_Exercise instructions_
No pictures belong in the copy, but every line of the material below must be reproduced exactly.

_Source material_
__________

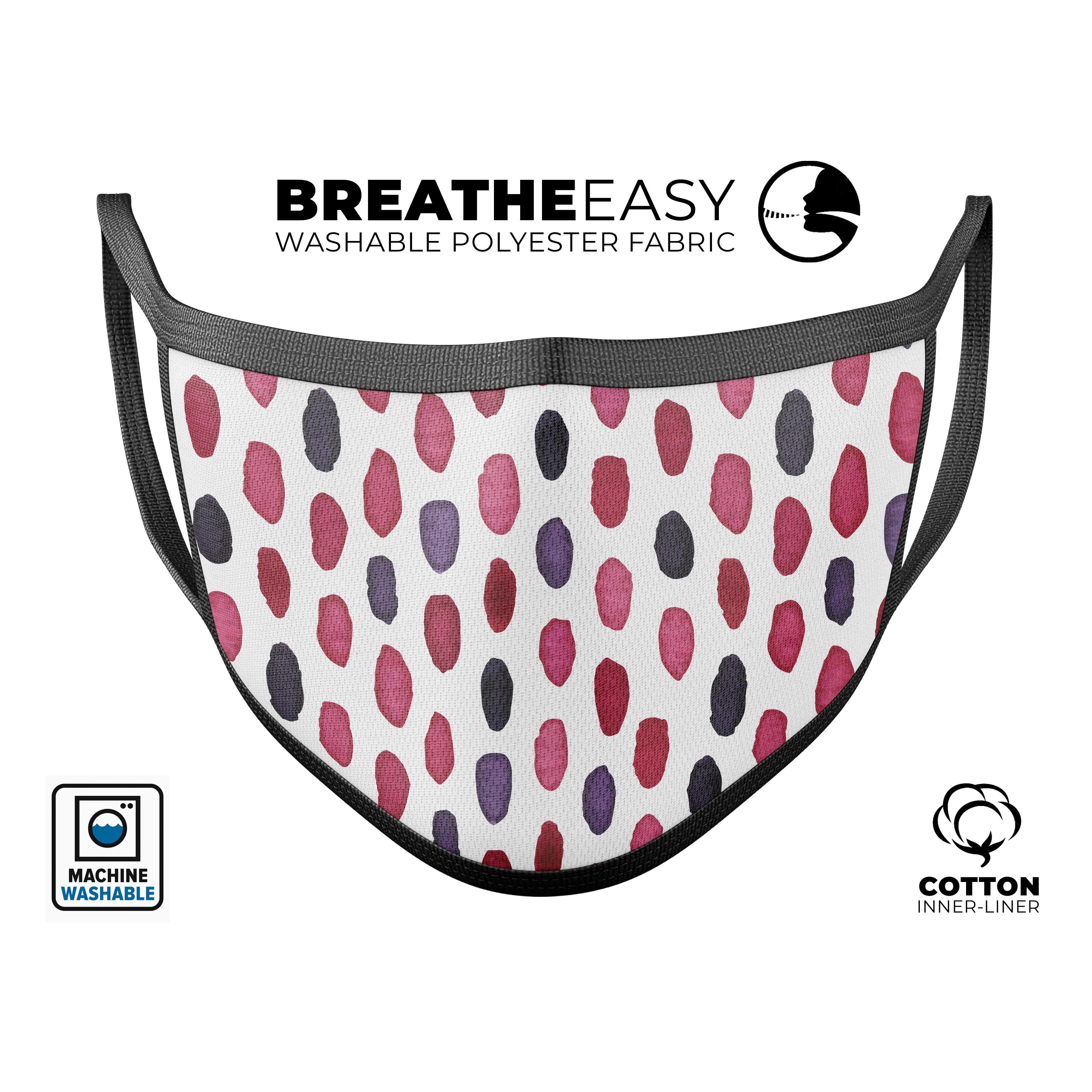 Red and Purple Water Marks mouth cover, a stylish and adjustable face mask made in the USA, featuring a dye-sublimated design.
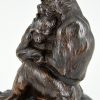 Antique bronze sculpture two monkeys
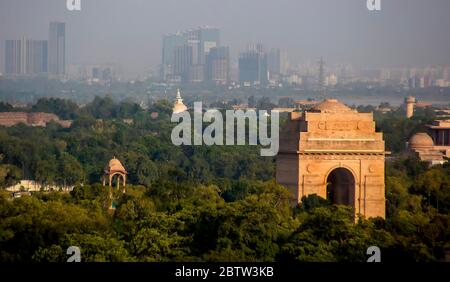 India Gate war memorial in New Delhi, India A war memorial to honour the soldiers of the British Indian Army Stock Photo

__________

_Output for this exercise_
 Red and Purple Water Marks mouth cover, a stylish and adjustable face mask made in the USA, featuring a dye-sublimated design.
 Antique bronze sculpture two monkeys
 India Gate war memorial in New Delhi, India A war memorial to honour the soldiers of the British Indian Army Stock Photo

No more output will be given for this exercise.